A: Here's a simulation approach to the problem. The R function
f = function(n,k){s=0; 
  while(s <= n){s=s+sample(1:k,1)}
  return(s)};

takes inputs n (number to be achieved) and k (number of sides of the die) and simulates this process, returning the final number achieved. In our case n = 100, k = 6.  We can simulate this experiment one million times, and here's what we get:
table(replicate(10^6,f(100,6)))

   101    102    103    104    105    106 
285012 238015 189910 143634  95362  48067 

So, for example, about 28.5% of the time we get 101.   The empirical probabilities of getting 101, 102, ..., 106 are very close to being $6/21, 5/21, 4/21, 3/21, 2/21, 1/21$.  Why should this be? Well, the average result from rolling a die is $7/2$, so if we just keep rolling a die and taking a running sum we should hit about $2/7$ of all integers.
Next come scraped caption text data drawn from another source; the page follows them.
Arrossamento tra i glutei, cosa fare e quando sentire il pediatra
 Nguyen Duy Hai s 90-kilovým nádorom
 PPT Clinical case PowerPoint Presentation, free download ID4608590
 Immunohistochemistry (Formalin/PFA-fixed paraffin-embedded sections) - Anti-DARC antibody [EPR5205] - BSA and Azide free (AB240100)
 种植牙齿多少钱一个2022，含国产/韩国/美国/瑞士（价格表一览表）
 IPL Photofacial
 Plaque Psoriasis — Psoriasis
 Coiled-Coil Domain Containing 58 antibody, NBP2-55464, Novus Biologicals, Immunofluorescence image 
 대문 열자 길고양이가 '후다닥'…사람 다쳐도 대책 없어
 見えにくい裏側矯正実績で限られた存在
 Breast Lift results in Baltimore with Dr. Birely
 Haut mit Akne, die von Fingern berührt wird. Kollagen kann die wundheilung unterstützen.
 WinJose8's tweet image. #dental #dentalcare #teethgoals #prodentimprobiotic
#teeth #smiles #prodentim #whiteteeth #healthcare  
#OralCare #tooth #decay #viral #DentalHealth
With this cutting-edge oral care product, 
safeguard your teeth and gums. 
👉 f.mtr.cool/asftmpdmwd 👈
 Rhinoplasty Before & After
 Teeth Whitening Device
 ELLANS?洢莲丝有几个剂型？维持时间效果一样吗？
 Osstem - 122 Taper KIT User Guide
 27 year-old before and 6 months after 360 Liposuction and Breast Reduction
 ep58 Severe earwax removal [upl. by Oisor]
So the probability that our result is 106 is the probability of hitting 100 (about $2/7$) times the probability of rolling a 6 after that ($1/6$), or $1/21$.  To get a result of 105, we have to either hit 99 and then roll a 6, or hit 100 and then roll a 5; these both have probability about $(2/7)(1/6) = 1/21$ and are mutually exclusive. And so on.
(The numbers of the form $i/21$ are not exact answers, because there's some approximation going on here.)